A trademark tiff between America’s oldest beer maker and America’s best-selling beer brand appears to be over before it really began.
Last week, D.G. Yuengling & Son, the nearly 200-year-old Pennsylvania-based brewer, demanded that its much larger rival, Anheuser-Busch, stop using a tagline for its forthcoming Bud Light Next zero-carb beer, noting it resembled one already trademarked by Yuengling.
“Get ready for the next generation of beer,” read the Dec. 14 post from Bud Light’s Twitter account, according to a screenshot provided by Yuengling. The same graphic appeared on Bud Light’s Instagram and Facebook accounts that day, Yuengling said.
Yuengling objected, pointing out its own low-carb brew — Flight, introduced in February 2020 — is marketed as the “next generation of light beer.”
Yuengling registered that phrase with the U.S. Patent and Trademark Office more than a year ago.
The brewer had a little fun with Bud Light, tweeting an image of a cartoon burglar — masked and lowered by ropes — pilfering Flight’s catchphrase. “We know imitation is the sincerest form of flattery, but this is going a bit too far,” Yuengling tweeted at Bud Light.
And then Yuengling got serious, sending the St.

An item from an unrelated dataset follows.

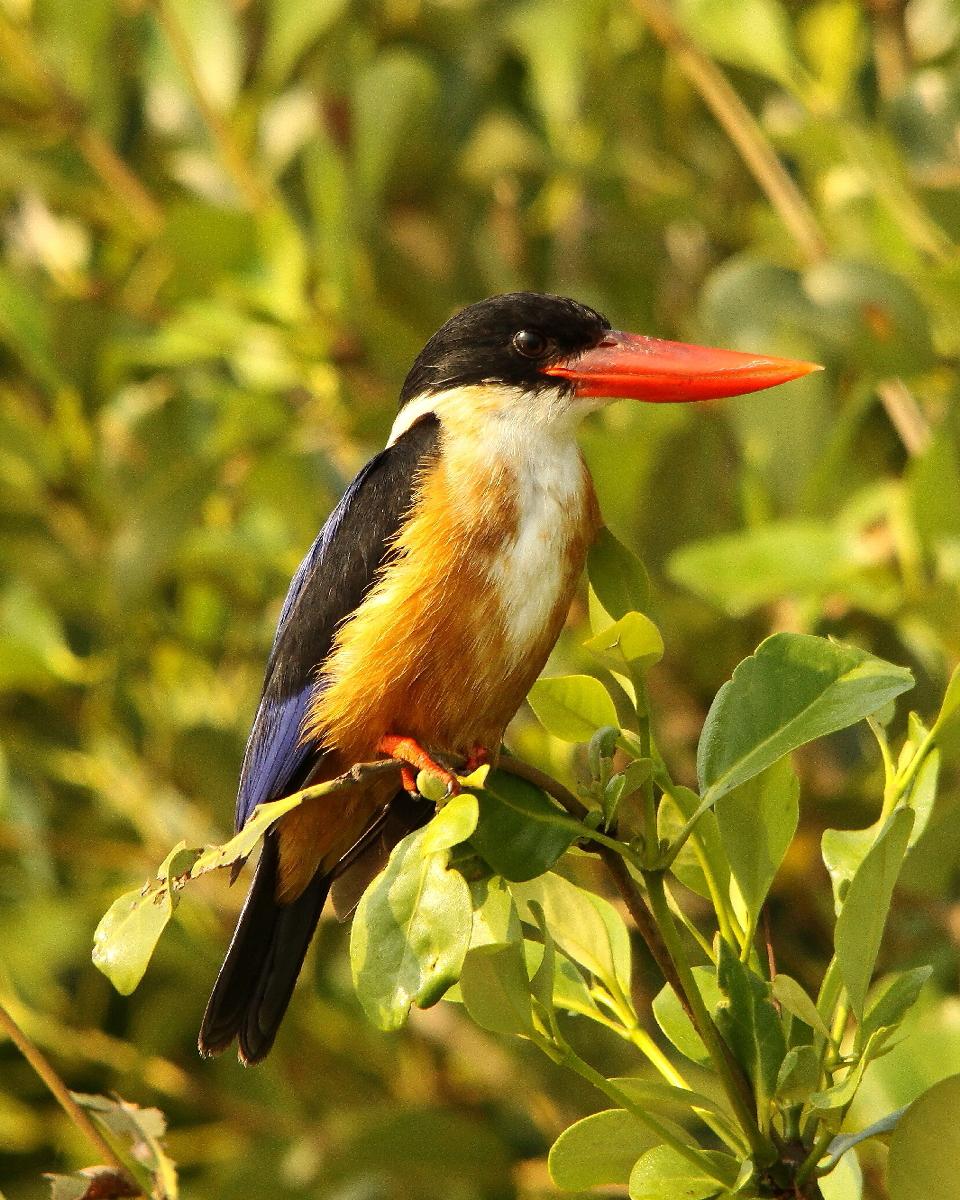 Black-capped Kingfisher Photo by Chris Lansdell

Louis-based beer giant a cease-and-desist letter.
“Flight by Yuengling is one of our lead brands; it’s one of our fastest-growing brands,” Yuengling spokesperson Paul Capelli said Wednesday. “We’ve created this great product, and if some other light beer takes our tagline and puts it on their brand, obviously that is extremely confusing for the consumer.”
Anheuser-Busch did not issue a formal response to Yuengling, but this week, Yuengling officials saw that Bud Light had scrubbed its social media accounts of the disputed posts and replaced them with ones that teased, “Get ready for what’s next.”
An email was sent to Anheuser-Busch on Wednesday seeking comment.